You see where I’m going with this. What we have here are two totalizing ideologies bent on preserving and expanding their shares of political control. Both are willing to use coercion backed by violence to fight speech.

The British government’s monopoly on force allows it to use the symbolic violence of the justice system, but make no mistake: if Ahmed doesn’t do his community service, they’ll take him to jail, and if he refuses to go to jail they will knock him down and bring him there. Jihadists mount a (doomed) challenge to state monopolies on violence, so their coercion is localized and explicitly brutal. But both groups are willing to use physical force to fight ideas.

Why is that? A good idea doesn’t need to silence its critics. It welcomes criticism, because thinking critically about a good idea reveals its merits. Jihadists’ willingness to assassinate cartoonists who satirize Muhammed suggest that they are insecure about the merits of their faith. The British government’s willingness to put a teenager in jail for criticizing the war in Afghanistan on Facebook suggests it is insecure about the merits of its war.

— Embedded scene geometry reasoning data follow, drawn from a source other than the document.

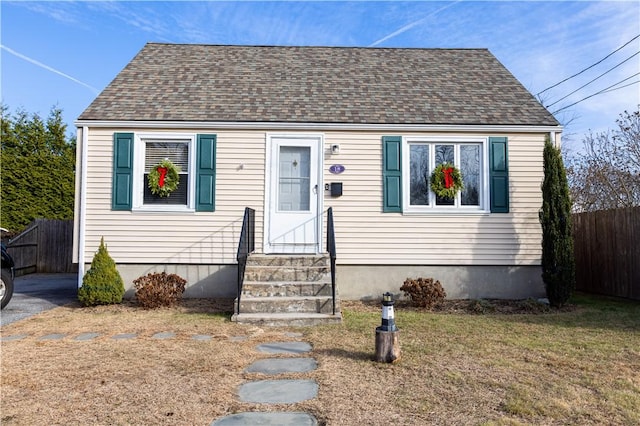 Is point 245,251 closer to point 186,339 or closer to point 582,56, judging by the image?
point 186,339

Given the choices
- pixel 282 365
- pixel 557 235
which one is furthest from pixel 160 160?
pixel 557 235

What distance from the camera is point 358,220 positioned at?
25.5ft

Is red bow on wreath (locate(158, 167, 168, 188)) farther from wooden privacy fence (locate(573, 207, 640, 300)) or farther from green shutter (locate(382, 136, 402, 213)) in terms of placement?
wooden privacy fence (locate(573, 207, 640, 300))

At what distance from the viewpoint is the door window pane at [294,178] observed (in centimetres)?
786

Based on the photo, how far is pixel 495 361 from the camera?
4.04 metres

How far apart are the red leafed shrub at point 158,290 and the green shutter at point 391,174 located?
3867 mm

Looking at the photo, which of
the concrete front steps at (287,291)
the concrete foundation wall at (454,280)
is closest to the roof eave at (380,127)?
the concrete front steps at (287,291)

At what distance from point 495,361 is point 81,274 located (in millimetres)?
6884

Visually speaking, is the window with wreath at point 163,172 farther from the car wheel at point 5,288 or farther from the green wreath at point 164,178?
the car wheel at point 5,288

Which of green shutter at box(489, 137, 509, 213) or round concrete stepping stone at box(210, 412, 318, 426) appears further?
green shutter at box(489, 137, 509, 213)

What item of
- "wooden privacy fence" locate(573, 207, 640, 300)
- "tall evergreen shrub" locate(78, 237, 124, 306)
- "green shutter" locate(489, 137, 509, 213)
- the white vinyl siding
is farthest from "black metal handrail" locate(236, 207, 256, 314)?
"wooden privacy fence" locate(573, 207, 640, 300)

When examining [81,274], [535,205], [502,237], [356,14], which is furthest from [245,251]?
[356,14]

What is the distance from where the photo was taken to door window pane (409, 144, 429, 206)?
787 cm

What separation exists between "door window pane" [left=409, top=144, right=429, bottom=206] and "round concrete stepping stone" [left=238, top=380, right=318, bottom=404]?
503 centimetres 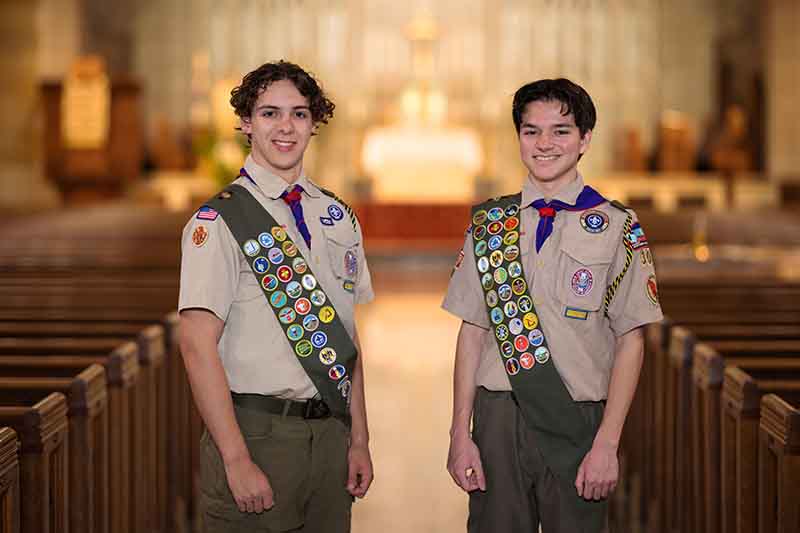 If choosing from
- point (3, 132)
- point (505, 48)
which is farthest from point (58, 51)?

By the standards of Western/Enlightenment values, fundamentalist Islam is a bad belief system. This morning’s attack on Charlie Hebdo reminded us of that. I want civilization to be a contest among funny newspapers and weird ideas, not a question of who’s got machine guns and can profess the loudest loyalty to church. But stamping out criticism of a decade-long war on Facebook doesn’t live up to Western values, either. Maybe our governments have become afraid of speech for the same reasons as terrorists: because they know there is something wrong with their own ideas.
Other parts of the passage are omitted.